Beginning with Great Expectations, this essay explores the relationship between money and representation in nineteenth-century literature through two major Victorian novelists: Charles Dickens and George Gissing. It argues that money is both ubiquitous and complex in their writing, and that it simultaneously provokes and resists attempts at literary representation. Money is first shown to be central to the complex of guilt and desire that drives Great Expectations. The discussion then turns to Mr Merdle and Mr Lorry, bankers who appear in Dickens’s novels Little Dorrit and A Tale of Two Cities respectively. They are read as representing two different sides of money, the public/fantastical and the private/intimate, which cannot be effectively combined in a single character. The final part of the essay considers Gissing’s response to Dickens, arguing that Gissing attempts, in novels such as The Nether World and The Odd Women, to correct what he saw as Dickens’s incomplete realism through a renewed focus on the harsh realities of economic life. The limited horizons of Gissing’s characters are so overwhelming, however, that they dominate his narrative vision, meaning the very attention to money that is supposed to make Gissing’s fiction more realistic also restricts the representative range of his writing.

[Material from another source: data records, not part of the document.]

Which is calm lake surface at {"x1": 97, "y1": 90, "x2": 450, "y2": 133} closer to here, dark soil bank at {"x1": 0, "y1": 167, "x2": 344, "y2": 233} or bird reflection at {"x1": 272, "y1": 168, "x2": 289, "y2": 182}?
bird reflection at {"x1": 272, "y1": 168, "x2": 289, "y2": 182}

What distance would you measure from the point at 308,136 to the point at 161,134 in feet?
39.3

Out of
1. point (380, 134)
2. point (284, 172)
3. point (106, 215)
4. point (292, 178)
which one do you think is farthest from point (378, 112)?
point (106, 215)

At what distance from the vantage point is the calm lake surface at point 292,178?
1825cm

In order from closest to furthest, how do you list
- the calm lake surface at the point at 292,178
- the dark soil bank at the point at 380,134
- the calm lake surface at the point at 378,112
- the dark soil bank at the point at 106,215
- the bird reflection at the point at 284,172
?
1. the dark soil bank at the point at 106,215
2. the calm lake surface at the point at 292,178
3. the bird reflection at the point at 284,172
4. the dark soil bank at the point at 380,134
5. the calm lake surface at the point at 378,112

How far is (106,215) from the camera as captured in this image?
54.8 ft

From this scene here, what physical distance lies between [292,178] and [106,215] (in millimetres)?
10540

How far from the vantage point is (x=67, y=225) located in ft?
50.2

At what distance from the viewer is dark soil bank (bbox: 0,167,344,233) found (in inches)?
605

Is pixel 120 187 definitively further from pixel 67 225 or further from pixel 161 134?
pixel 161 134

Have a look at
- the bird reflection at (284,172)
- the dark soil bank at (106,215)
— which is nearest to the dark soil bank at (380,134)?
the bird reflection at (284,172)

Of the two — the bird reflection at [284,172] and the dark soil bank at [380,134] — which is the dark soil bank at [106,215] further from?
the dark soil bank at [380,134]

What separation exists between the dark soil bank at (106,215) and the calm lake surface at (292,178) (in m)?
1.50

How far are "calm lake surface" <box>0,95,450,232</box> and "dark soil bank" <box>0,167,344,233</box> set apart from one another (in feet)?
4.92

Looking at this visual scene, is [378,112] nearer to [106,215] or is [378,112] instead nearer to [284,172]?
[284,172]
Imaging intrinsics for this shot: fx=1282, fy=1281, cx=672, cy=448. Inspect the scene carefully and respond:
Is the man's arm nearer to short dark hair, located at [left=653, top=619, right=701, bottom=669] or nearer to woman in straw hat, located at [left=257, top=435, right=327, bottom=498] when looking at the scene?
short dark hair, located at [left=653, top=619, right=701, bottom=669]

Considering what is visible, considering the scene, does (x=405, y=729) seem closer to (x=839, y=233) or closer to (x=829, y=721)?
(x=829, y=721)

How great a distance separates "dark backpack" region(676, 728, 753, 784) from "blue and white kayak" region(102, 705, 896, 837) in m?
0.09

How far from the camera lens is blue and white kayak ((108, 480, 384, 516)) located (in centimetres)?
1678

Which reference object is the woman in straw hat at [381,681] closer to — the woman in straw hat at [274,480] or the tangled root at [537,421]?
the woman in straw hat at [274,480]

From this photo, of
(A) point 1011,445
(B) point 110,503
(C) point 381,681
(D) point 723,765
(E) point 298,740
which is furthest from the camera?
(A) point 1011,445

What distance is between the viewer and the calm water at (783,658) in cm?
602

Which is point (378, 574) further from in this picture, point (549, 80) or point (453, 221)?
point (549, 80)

This essay examines the contemporary UK publishing scene, foregrounding women’s participation in it as readers, writers and publishing professionals. As historians of feminist publishing have noted, women have always figured in the book business in numbers. At the turn of the millennium, publishing was figured by many as an industry in which women dominated, but, as the first section of this essay sets out, this situation has shifted. I show the ways that women’s status in the mainstream industry has, more recently, fallen back, before turning to look at the women writers who have risen to the top of the bestseller lists in the twenty-first century, examining the ways in which they are presented and their work received. Finally I examine the reader experience, and the relationship(s) between the book consumer and the publisher, and whether there is a gendered exchange in this dynamic. In particular I look at the way the books that we read are curated by the publishing industry, and women’s role within this: as editors, reviewers, retailers and recommenders of female authorship. I will demonstrate that gender continues to have a profound effect on the ways in which literature is both produced and consumed.